Авдей Степанович Тер-Оганьян и Юрий Полайчев возвращались из Таганрога с выставки. Ехали они поездом – подсели в плацкартный вагон. Оба были пьяными. В том же вагоне куда-то на соревнования ехали украинские борцы – молодые здоровые ребята. Они ходили по вагону в спортивных штанах, с обнаженными торсами. Полайчев время от времени пытался завести с ними беседу. Он моргал из-под толстых линз и говорил, заикаясь, кому-нибудь из борцов: «К-конечно, ты м-м-можешь меня п-п-победить физически! Но я з-зато могу т-т-тебя п-победить интеллектуально!» Борцы не возражали.
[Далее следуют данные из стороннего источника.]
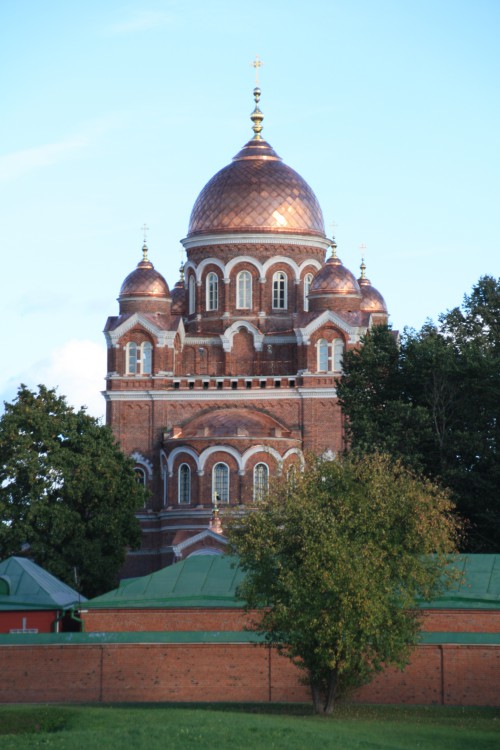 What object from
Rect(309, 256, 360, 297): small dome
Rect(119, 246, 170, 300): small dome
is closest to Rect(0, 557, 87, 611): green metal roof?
Rect(119, 246, 170, 300): small dome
Виктор Сосновский женился. К браку он шел долго и вот наконец женился. Мало того, у них с женой родился ребенок. Вскоре они с младенцем собрались в Тбилиси к родителям жены.

В Туле поезд остановился.

– Выйду на перрон, – сказал Витя.

Он вышел. Светило солнце. Через платформу стояла под погрузкой московская электричка Витя посмотрел на небо, на облака, на собак… и спрятался за ларек.

Объявили отправление. Состав плавно тронулся и пошел, набирая ход, к далеким Кавказским горам.

Мы с Давтяном шли в «Лошадь» пить пиво. Навстречу, шатаясь, брела пьяная тетка.

– Мама, пиво в «Лошади» есть? – спросил Давтян.

– Есть, есть, – сказала тетка, – Пока иду, три раза ссала!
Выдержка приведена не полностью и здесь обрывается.